考察の量と深さが尋常出ないエヴァンゲリオンシリーズならではの考え方だと思うのだが、「連続するストーリーと思われていたモノが実はパラレルワールドの連続時間軸のモノである」 とする考え方である。
2012年の公開当時に観客を完全に置き去りにした衝撃の「Q」公開時に、ファンの方々の愛憎入り混じる議論の末確立されたものである。
 これを初めて目にした時(とはいえファンの熱量が高すぎて公開三日後にはネットで確立されていたのだけれど)、「あ、幻だと思っていいんだ」と、かなり肩の荷が降りた気がしたのである。ああ、悪い夢だと考えるのもありだって。いや夢ではないんだけれど。
トイ・ストーリーパラレルワールドもへったくれも、あったものではない。バズがよしんば飛べたとしても、タイムリープは絶対できない。しかし、ありえることなのかもしれない。でも全ての作品の作り手と同じ世界、時系列に僕らは生きていて、まだまだなんだって作り出すことも信じることもできるのだから。残念ながら事実は変えられないし、得た体験は帳消しにはできないが、世界がどうあるかは全て自分の認識があってのことである。
 
僕たちの「青春」と思っていたコンテンツが、「人生」の長さまで延命し、時代に求められるため変化していく。続くことそれ自体がドル箱になった今、物語を持つ全てのコンテンツにこれは可能性がある。いつ何時、「青春」が「人生」になり、信じるか信じないかを選ばせる日がやってくるかなんて、もうわからないし頻度をどんどん上げて襲いかかってくるのである。
もうこれはリビングデッドになった作品たちと、物語を愛する者たちとのゲリラ戦争なんだ。集団と集団の全面戦争ではなく、いつ何時やってくるかわからないゲリラ戦としての続編と、対処両方的に「信じる」「信じない」で持って事故を防衛する我々との。
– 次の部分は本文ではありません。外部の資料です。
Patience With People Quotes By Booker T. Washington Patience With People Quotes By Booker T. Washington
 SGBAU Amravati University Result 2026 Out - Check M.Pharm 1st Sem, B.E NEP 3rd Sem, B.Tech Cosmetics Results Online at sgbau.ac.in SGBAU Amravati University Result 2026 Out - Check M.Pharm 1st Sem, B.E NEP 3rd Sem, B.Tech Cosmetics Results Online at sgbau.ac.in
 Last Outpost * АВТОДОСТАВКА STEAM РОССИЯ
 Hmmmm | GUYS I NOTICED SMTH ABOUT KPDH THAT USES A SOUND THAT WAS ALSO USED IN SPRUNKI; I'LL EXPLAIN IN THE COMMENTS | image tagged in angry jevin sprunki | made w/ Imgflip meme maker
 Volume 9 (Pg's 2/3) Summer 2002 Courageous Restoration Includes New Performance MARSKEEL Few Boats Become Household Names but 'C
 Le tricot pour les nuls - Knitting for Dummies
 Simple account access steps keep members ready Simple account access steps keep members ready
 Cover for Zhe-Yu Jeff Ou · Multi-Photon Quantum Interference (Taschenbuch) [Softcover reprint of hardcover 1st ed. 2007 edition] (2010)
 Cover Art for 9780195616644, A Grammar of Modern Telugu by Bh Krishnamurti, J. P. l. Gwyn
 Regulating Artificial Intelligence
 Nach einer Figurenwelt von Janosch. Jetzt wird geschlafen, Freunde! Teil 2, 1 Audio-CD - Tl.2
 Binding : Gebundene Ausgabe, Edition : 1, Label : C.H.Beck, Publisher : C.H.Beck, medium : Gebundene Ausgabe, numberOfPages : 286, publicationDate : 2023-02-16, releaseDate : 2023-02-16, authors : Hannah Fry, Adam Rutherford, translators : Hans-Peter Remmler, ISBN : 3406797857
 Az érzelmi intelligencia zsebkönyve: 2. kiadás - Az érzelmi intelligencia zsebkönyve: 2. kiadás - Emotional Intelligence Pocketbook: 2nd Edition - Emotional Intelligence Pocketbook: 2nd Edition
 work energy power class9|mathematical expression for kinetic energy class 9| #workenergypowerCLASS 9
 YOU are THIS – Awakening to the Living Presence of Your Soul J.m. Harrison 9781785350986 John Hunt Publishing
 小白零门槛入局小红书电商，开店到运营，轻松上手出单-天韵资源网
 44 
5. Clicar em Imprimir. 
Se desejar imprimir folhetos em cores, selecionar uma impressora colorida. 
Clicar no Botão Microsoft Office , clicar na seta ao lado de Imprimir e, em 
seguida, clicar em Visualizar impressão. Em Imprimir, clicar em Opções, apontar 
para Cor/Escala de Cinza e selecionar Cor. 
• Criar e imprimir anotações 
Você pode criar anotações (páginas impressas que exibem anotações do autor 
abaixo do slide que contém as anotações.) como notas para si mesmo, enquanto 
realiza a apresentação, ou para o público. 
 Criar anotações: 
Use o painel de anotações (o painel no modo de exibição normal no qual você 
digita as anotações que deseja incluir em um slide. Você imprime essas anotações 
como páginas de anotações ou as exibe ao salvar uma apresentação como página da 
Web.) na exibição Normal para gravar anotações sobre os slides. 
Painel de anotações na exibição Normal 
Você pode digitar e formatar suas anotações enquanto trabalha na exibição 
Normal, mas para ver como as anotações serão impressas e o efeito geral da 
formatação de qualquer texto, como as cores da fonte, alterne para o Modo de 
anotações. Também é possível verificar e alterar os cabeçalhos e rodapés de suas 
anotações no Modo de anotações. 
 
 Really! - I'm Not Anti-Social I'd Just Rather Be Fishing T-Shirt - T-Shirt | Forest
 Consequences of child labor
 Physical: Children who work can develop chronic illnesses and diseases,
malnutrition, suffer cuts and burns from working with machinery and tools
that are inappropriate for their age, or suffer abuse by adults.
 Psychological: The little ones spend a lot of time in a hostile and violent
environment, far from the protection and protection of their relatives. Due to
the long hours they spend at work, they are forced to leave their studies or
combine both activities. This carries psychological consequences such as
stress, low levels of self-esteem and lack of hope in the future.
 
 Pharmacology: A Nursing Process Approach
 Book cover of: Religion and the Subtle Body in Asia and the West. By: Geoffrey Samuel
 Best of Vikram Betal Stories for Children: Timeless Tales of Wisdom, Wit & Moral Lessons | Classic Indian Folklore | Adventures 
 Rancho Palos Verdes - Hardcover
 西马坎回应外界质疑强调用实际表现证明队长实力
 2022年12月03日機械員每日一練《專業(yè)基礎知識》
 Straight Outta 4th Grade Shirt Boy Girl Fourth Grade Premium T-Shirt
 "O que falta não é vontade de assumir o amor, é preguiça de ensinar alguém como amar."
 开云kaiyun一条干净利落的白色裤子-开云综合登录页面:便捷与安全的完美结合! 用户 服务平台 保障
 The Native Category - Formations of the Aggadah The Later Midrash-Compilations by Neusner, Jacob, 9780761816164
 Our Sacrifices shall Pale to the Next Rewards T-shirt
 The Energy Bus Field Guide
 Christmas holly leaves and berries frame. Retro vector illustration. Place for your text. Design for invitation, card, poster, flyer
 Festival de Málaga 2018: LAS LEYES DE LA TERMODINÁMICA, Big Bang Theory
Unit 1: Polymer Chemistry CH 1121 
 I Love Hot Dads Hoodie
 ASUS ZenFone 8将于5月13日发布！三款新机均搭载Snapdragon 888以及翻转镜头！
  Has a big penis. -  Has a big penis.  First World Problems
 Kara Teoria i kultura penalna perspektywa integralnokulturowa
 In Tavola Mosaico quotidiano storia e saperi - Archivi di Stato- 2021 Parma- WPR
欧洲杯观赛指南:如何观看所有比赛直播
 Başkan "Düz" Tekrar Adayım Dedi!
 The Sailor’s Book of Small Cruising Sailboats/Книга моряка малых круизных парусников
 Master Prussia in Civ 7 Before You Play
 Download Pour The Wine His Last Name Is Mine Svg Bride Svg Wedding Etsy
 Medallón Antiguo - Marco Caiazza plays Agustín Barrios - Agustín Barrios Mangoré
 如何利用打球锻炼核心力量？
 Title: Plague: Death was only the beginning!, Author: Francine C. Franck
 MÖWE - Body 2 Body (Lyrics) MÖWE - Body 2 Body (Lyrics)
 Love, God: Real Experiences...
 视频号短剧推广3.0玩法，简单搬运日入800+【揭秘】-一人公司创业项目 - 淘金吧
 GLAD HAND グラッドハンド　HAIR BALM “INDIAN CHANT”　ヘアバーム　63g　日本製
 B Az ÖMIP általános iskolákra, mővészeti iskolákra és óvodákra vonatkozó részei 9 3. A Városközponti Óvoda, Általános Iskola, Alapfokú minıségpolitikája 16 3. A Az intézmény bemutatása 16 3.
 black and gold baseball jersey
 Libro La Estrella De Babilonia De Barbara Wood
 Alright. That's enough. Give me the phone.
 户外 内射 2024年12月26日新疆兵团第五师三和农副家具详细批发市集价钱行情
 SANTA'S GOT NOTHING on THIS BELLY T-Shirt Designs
そして、「信じない」選択をした物語は、大なり小なりその輝きを失っていく。青春をまばゆいままにして。
 


ネクロマンスと戦い続ける世界へ

昔までも大なり小なり、作品への愛のあまり結末に納得できないなんてありふれた問題、そこかしこにあっただろう。いつだってそういった意見を持つことが、自分を大人にしてくれたなんてことも感じている。
しかし今はそれがいつ何時起こるかわからない。
①いつ続編が出てくるかわからず
②目まぐるしく尊重される価値観が変わる
からだ。残念ながらレガシー的なモノであっても、新しいモノを取り込まないといけないかもしれない。そっちの方が面白いかもしれないし。
 
「ツヅキモノ」というゲリラゾンビ。人生100年時代。僕らの青春は残念ながら、青春のままではいられなくなってきている。